= Beginning of Section =

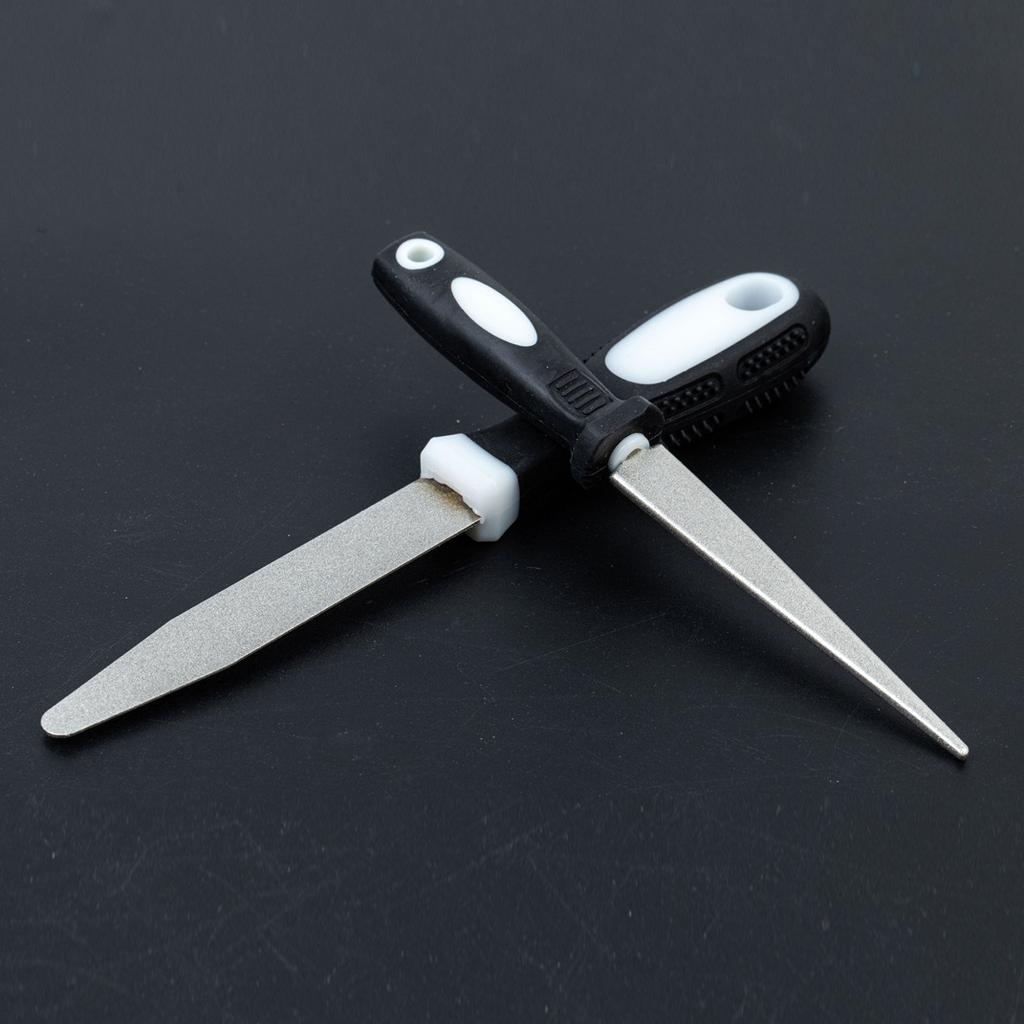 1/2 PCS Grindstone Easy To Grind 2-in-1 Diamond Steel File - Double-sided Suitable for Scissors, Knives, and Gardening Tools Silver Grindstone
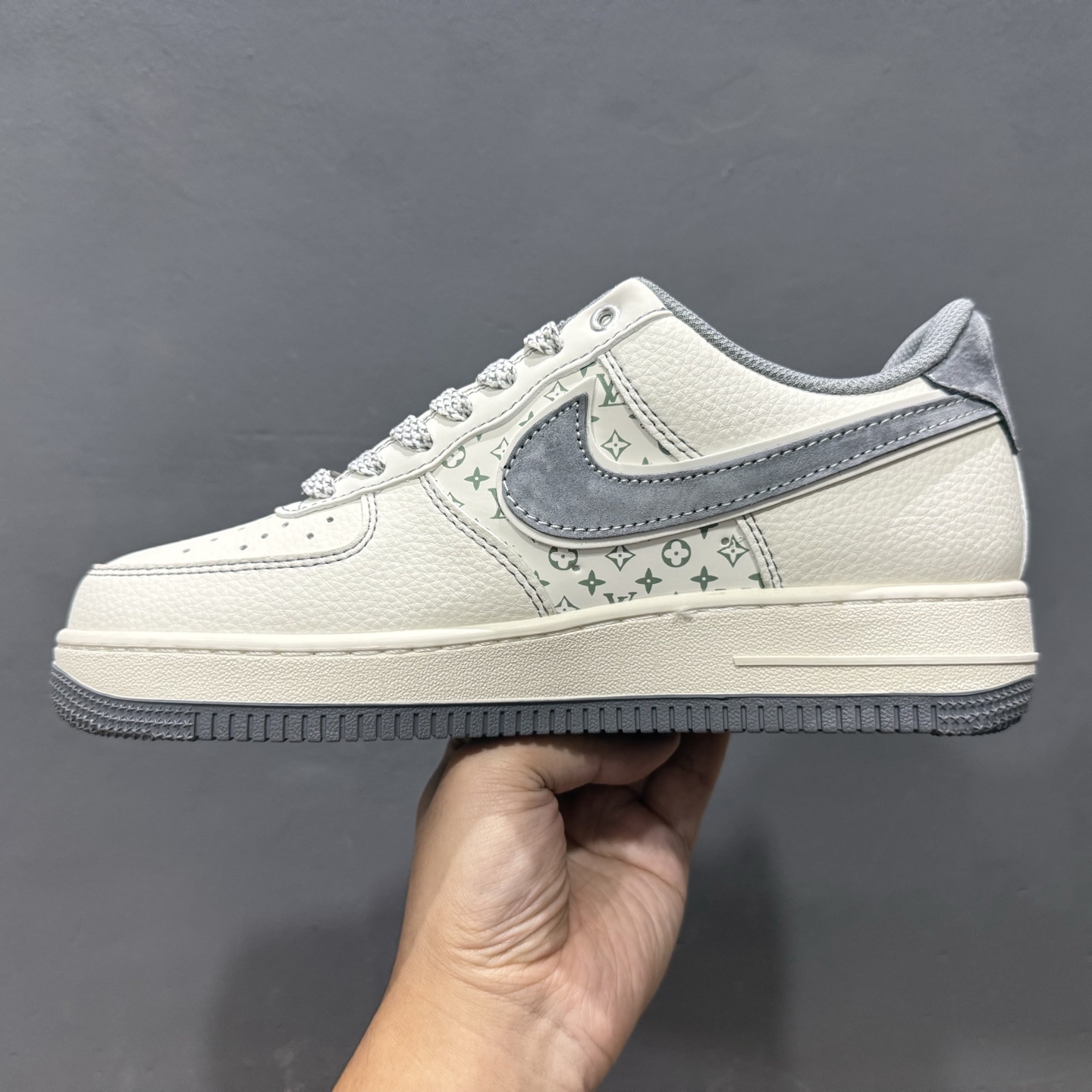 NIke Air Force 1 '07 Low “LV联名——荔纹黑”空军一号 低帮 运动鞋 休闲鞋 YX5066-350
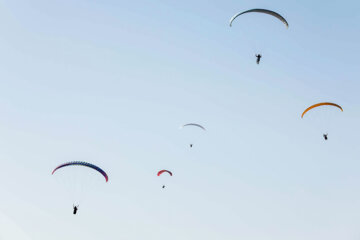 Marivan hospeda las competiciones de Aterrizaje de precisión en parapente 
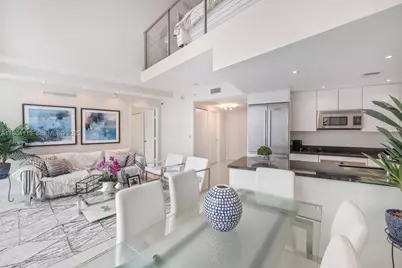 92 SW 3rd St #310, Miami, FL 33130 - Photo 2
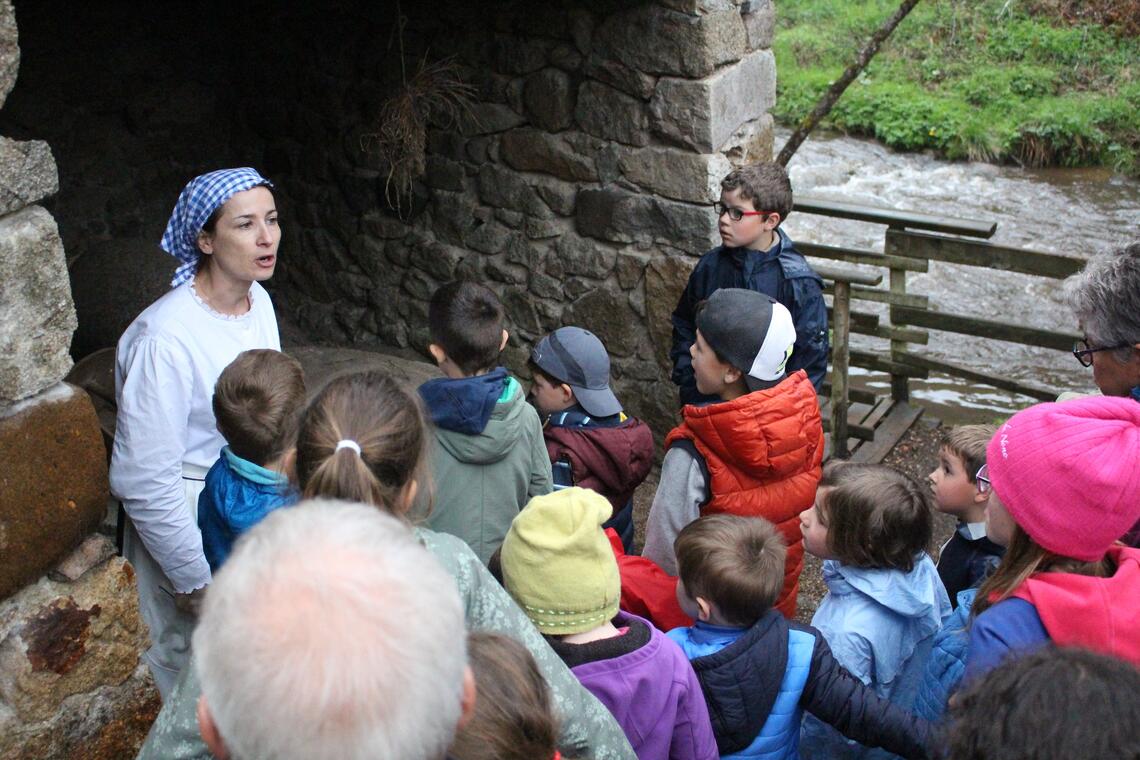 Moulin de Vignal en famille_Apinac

= End of Section =

■ Problem
The expected answer is the line with "NIke Air Force" followed by every remaining line of the listing, each restated exactly, with all pictures dropped.

■ Response box
 NIke Air Force 1 '07 Low “LV联名——荔纹黑”空军一号 低帮 运动鞋 休闲鞋 YX5066-350
 Marivan hospeda las competiciones de Aterrizaje de precisión en parapente 
 92 SW 3rd St #310, Miami, FL 33130 - Photo 2
 Moulin de Vignal en famille_Apinac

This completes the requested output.